**YOUR TASK**
Print the data that follows exactly as it stands, from its first line through the line containing "PISO EN VENTA EN MORATALAZ - MARROQUINA", and stop there.

**DATA SHOWN**
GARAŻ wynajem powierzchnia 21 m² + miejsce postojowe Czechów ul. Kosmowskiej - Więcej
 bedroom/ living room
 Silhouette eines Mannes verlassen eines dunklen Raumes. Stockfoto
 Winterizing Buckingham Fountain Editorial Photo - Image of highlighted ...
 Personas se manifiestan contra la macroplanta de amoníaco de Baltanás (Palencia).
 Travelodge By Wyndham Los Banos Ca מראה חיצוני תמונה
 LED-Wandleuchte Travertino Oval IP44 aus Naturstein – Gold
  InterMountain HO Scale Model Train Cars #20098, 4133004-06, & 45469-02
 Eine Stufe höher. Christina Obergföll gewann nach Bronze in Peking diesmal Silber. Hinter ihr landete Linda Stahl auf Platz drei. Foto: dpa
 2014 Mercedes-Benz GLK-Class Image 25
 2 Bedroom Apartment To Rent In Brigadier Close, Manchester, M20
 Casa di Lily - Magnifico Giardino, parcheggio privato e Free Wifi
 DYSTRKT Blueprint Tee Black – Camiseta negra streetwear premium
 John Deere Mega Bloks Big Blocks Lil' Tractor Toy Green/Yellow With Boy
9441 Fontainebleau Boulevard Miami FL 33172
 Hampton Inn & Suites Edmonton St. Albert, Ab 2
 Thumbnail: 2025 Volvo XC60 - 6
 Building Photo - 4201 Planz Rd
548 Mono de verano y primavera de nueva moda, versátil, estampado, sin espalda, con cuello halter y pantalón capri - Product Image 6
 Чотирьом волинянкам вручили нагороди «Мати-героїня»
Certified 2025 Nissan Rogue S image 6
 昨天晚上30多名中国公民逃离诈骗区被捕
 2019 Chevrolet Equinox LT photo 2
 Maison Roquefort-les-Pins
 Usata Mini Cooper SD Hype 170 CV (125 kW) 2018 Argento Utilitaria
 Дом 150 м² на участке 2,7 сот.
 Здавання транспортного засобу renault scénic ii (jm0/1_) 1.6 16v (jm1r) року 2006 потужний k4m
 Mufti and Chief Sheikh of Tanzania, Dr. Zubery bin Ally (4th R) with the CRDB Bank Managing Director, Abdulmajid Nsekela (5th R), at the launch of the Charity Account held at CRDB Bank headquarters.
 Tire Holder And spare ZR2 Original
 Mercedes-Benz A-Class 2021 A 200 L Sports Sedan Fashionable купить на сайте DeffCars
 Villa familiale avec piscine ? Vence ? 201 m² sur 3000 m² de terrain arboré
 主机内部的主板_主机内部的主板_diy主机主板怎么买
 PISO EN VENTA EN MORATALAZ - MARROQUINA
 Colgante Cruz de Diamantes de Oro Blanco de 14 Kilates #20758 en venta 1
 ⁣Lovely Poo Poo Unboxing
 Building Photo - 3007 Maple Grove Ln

**OUTPUT OF THE EXERCISE**
GARAŻ wynajem powierzchnia 21 m² + miejsce postojowe Czechów ul. Kosmowskiej - Więcej
 bedroom/ living room
 Silhouette eines Mannes verlassen eines dunklen Raumes. Stockfoto
 Winterizing Buckingham Fountain Editorial Photo - Image of highlighted ...
 Personas se manifiestan contra la macroplanta de amoníaco de Baltanás (Palencia).
 Travelodge By Wyndham Los Banos Ca מראה חיצוני תמונה
 LED-Wandleuchte Travertino Oval IP44 aus Naturstein – Gold
  InterMountain HO Scale Model Train Cars #20098, 4133004-06, & 45469-02
 Eine Stufe höher. Christina Obergföll gewann nach Bronze in Peking diesmal Silber. Hinter ihr landete Linda Stahl auf Platz drei. Foto: dpa
 2014 Mercedes-Benz GLK-Class Image 25
 2 Bedroom Apartment To Rent In Brigadier Close, Manchester, M20
 Casa di Lily - Magnifico Giardino, parcheggio privato e Free Wifi
 DYSTRKT Blueprint Tee Black – Camiseta negra streetwear premium
 John Deere Mega Bloks Big Blocks Lil' Tractor Toy Green/Yellow With Boy
9441 Fontainebleau Boulevard Miami FL 33172
 Hampton Inn & Suites Edmonton St. Albert, Ab 2
 Thumbnail: 2025 Volvo XC60 - 6
 Building Photo - 4201 Planz Rd
548 Mono de verano y primavera de nueva moda, versátil, estampado, sin espalda, con cuello halter y pantalón capri - Product Image 6
 Чотирьом волинянкам вручили нагороди «Мати-героїня»
Certified 2025 Nissan Rogue S image 6
 昨天晚上30多名中国公民逃离诈骗区被捕
 2019 Chevrolet Equinox LT photo 2
 Maison Roquefort-les-Pins
 Usata Mini Cooper SD Hype 170 CV (125 kW) 2018 Argento Utilitaria
 Дом 150 м² на участке 2,7 сот.
 Здавання транспортного засобу renault scénic ii (jm0/1_) 1.6 16v (jm1r) року 2006 потужний k4m
 Mufti and Chief Sheikh of Tanzania, Dr. Zubery bin Ally (4th R) with the CRDB Bank Managing Director, Abdulmajid Nsekela (5th R), at the launch of the Charity Account held at CRDB Bank headquarters.
 Tire Holder And spare ZR2 Original
 Mercedes-Benz A-Class 2021 A 200 L Sports Sedan Fashionable купить на сайте DeffCars
 Villa familiale avec piscine ? Vence ? 201 m² sur 3000 m² de terrain arboré
 主机内部的主板_主机内部的主板_diy主机主板怎么买
 PISO EN VENTA EN MORATALAZ - MARROQUINA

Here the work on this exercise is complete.